Sto guardando questo computer davanti a me e penso che sia il mio computer. L’oggetto concettualmente implicito è in realtà il mio computer, ciò che il mio pensiero pensa che sia. Cosa penso? Ciò che è concettualmente implicito qui è il mio computer e ora lo sto proiettando su questo oggetto qui. Ci sono due possibilità: sto effettivamente guardando il mio computer e penso che sia il mio, oppure sto guardando il computer di qualcun altro e penso che sia il mio. Ciò che il mio pensiero giudica che sia potrebbe in realtà essere corretto o scorretto. Potrebbe corrispondere a ciò che sto vedendo davanti a me o no. Questo è ciò che dobbiamo distinguere in termini di oggetti.
Conclusione
L’argomento dei soggetti e degli oggetti non è molto semplice. I tibetani lo studiano per uno o due anni, e noi l’abbiamo coperto in un’ora e mezza. È un piccolo assaggio di quanto potrebbe essere molto utile nell’analisi: cosa sto pensando e vedendo in realtà? È corretto? È scorretto? Cosa sta succedendo in realtà? Vi aggiungiamo l’analisi dei diversi fattori mentali; alcuni di loro potrebbero funzionare correttamente, altri non così bene.
Potrei guardarlo e pensare che è il mio computer o non lo è; potrei essere felice o infelice; potrei essere arrabbiato, attaccato, e allora? Questo è il punto, e allora? È correttamente il mio computer o no? Il punto importante non è cosa sto provando ma è il mio computer o no? Lo sto vedendo correttamente? Se riconosco validamente che non è il mio computer, allora posso pensare chiaramente a come posso riaverlo indietro. Giusto? Inoltre, ne sono certo? Non lo so. Qualcuno l’ha preso? È nell’ufficio oggetti smarriti? Spero di riaverlo indietro.
Poi c’è la cognizione inferenziale: se voglio recuperarlo dovrò chiamare l’aeroporto, chiedere e dovrò scegliere parole che lo spieghino chiaramente. Tutto questo è coinvolto. Se è lì, dovrò guidare fino all’aeroporto, dovrò prenderlo e probabilmente sprecare un giorno intero. E allora? Che mi piaccia o no è irrilevante.

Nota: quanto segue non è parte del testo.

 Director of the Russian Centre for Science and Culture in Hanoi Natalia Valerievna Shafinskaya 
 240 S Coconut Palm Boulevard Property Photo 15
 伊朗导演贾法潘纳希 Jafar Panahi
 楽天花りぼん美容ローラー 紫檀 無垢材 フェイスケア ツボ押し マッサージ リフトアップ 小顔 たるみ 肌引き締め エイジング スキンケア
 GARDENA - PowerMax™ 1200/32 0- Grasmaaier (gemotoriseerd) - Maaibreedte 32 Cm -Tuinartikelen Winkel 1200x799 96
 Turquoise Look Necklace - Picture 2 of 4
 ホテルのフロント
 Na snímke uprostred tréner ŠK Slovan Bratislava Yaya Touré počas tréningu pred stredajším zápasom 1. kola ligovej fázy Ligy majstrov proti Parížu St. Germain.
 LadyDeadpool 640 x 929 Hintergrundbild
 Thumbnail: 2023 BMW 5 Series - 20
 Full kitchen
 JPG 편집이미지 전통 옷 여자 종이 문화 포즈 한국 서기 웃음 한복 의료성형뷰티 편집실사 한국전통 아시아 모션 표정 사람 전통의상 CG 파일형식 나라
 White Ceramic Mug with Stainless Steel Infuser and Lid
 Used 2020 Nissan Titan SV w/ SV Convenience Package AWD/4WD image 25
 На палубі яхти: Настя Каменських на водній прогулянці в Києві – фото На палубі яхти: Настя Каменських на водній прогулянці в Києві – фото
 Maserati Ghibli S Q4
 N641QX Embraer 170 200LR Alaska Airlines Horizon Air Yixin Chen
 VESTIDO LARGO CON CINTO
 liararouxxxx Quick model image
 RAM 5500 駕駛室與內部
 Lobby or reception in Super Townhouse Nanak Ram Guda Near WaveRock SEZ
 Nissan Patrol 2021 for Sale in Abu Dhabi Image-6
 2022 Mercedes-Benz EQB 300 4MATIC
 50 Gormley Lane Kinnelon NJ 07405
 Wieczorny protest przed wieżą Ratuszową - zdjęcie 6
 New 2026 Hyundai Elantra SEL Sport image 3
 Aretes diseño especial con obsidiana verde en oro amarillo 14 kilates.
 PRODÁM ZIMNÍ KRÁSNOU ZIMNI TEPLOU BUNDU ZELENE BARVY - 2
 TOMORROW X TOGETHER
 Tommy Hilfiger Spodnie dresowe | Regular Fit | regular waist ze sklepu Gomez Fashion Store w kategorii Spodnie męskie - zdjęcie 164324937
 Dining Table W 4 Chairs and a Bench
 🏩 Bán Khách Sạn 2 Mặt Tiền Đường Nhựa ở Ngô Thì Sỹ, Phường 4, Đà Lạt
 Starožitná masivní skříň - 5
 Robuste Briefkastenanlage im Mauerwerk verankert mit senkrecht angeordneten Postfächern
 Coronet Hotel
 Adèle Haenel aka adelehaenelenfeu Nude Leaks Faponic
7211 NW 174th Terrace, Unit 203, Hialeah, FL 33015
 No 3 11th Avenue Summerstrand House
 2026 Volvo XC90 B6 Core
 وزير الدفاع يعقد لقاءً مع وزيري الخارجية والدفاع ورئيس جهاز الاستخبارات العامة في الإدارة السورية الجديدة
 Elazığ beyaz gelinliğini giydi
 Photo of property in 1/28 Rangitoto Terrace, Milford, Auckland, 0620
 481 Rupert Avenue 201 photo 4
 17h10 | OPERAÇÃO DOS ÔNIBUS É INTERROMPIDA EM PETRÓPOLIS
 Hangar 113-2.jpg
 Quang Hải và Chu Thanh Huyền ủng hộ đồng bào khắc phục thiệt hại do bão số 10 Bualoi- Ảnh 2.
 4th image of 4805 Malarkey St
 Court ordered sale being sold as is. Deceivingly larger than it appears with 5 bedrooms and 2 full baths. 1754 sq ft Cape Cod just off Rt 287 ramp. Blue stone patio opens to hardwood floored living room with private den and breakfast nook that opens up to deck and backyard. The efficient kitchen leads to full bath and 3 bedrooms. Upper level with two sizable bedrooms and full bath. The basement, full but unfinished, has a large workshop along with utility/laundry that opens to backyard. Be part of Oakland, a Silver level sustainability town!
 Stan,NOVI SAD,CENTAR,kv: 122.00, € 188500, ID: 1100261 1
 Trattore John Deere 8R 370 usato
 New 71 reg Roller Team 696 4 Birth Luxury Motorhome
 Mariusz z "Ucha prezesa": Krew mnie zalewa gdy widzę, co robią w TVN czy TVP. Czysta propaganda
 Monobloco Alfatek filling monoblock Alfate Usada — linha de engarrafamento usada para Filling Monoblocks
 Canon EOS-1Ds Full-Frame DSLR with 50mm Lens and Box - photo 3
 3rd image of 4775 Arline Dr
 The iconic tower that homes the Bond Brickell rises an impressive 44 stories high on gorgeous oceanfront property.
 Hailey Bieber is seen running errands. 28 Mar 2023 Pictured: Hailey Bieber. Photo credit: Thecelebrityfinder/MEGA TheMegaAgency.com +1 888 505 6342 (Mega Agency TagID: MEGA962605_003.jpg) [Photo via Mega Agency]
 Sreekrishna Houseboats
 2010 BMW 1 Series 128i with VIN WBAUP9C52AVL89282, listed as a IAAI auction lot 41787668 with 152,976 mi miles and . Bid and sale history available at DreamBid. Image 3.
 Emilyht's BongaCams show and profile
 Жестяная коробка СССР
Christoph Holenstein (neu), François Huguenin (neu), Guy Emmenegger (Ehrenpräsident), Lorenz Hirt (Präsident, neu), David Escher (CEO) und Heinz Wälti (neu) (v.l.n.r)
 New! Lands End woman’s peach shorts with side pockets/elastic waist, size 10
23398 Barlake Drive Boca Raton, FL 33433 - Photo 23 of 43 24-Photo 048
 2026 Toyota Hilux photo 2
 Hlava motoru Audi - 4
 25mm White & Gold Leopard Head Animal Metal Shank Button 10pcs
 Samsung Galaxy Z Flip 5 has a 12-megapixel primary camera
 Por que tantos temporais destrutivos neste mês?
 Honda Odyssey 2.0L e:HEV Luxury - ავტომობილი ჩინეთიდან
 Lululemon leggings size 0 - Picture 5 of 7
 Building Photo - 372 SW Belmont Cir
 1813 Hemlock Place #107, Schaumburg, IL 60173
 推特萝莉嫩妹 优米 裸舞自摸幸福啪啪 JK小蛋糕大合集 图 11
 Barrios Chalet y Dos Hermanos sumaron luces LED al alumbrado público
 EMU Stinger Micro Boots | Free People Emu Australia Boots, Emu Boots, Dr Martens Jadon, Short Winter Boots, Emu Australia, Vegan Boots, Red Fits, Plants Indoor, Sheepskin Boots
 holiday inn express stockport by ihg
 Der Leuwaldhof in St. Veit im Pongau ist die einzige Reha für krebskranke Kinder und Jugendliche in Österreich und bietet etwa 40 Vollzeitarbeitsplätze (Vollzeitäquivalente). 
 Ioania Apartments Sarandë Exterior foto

Questa è la cognizione inferenziale; è ciò che consegue, ciò che deduco che dovrò fare per recuperarlo. Ricorda, i risultati successivi. Ci dicono che è lì. Qual è il risultato successivo? Devo salire in macchina e guidare fin lì, ecc. Tutto ciò ne consegue, che ci piaccia o meno, è irrilevante.
Tutte queste analisi complesse sono in realtà molto pratiche per consentirci di affrontare situazioni difficili nella vita. Tuttavia, ci vuole un po’ di tempo per familiarizzare con questi schemi quindi bisogna essere pazienti, ma funziona. Le persone lo fanno da migliaia di anni. Funziona.